Sur l'état d'esprit des Français, ce n'est pas mon rôle de juger les Français. Mais je veux simplement faire part de ma très grande admiration devant le sens des responsabilités dont fait preuve l'immense majorité des Français et devant leur capacité à résister à des temps extraordinairement difficiles. On dit très souvent que les Français sont un peuple indiscipliné, et chacun y va de ses remarques sur nos compatriotes. La réalité, c'est qu'ils respectent, dans leur immense majorité, des règles sanitaires contraignantes. Ils font preuve de responsabilité et de beaucoup de solidarité les uns envers les autres. Je le vois notamment dans le secteur économique, entre donneurs d'ordres et sous-traitants.
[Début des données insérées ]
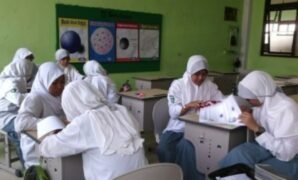 Model pembelajaran Example Non Example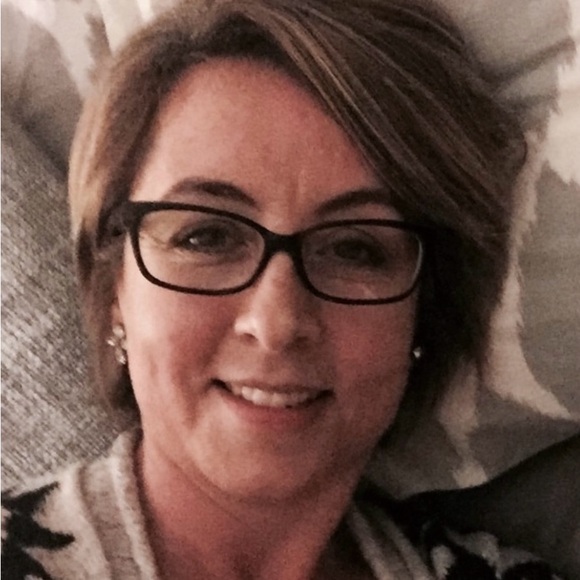 Meet your Posher, Gabby - Picture 2 of 3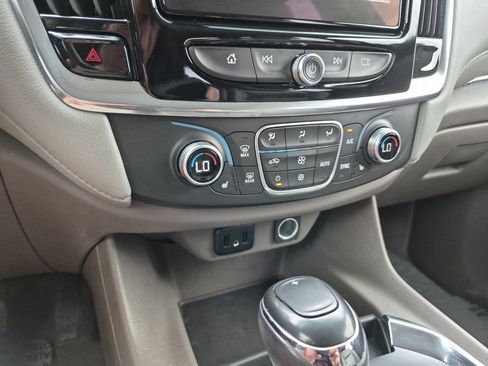 Used 2018 Chevrolet Traverse LT FWD image 20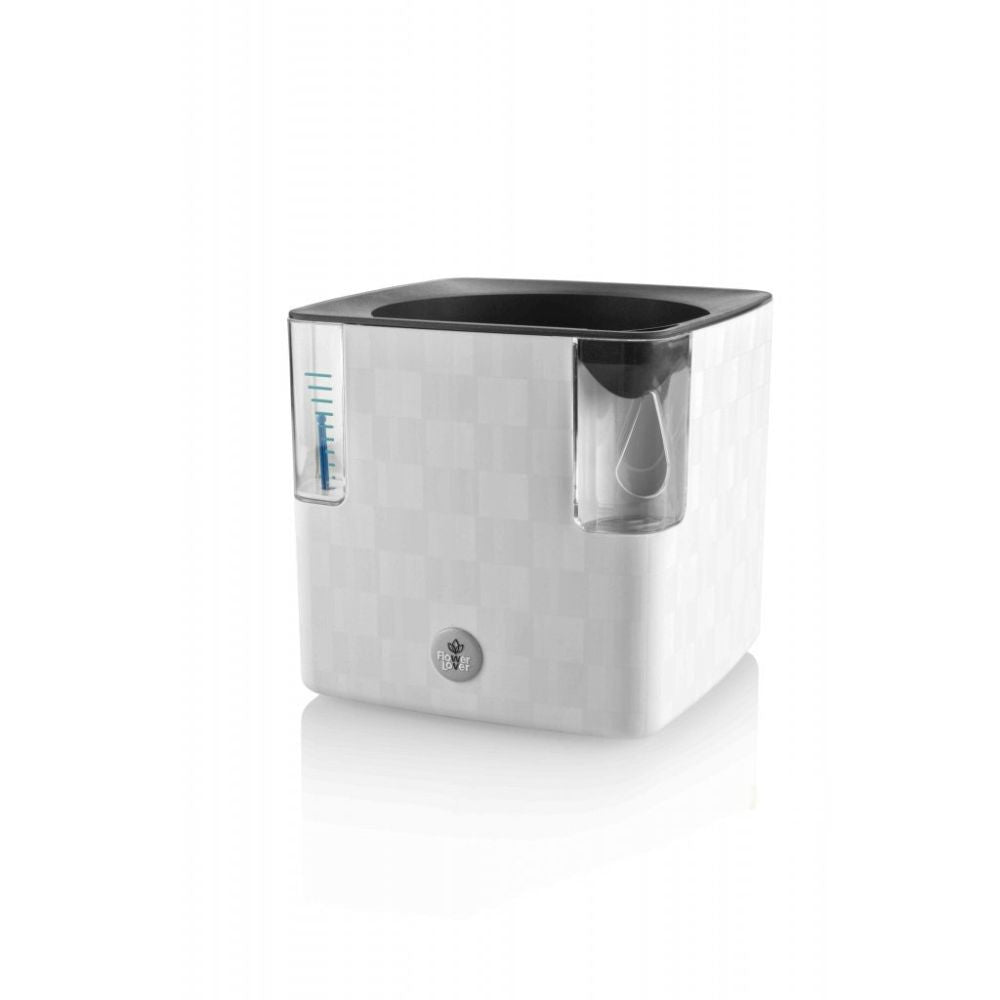 Plastkon Cobble smart planter Ice white, 15x15x14 cm front view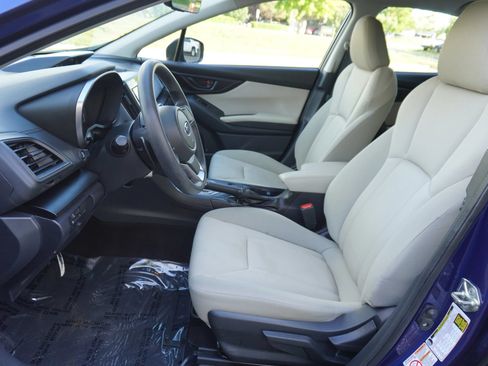 Used 2017 Subaru Impreza 2.0i Premium AWD/4WD image 9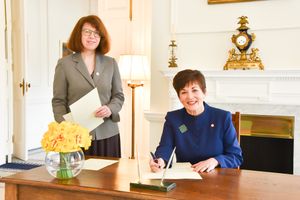 총독 패트리샤 레디 여사(오른쪽)가 2020년 9월 13일 최고 선거관리관 알리시아 라이트(왼쪽) 앞에서 선거 공고를 발표하고 있다.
Dans le secteur financier, si les banques n'avaient pas été là pour les PGE, nous n'aurions pas pu résister à cette crise. Je veux vraiment, avec beaucoup de gravité, saluer la manière dont les Français traversent cette épreuve ; cela force l'admiration.

Quelles sont les perspectives ? Nous travaillons sur des scénarios différents, car c'est ma responsabilité de ministre des finances. Personne n'a de certitude. Ma première responsabilité, c'est de garantir qu'il y aura financièrement ce qu'il faut pour soutenir les Français, les salariés et les entreprises, comme l'a souhaité le Président de la République. C'est aussi étudier plusieurs options, et il y a au moins trois grands scénarios.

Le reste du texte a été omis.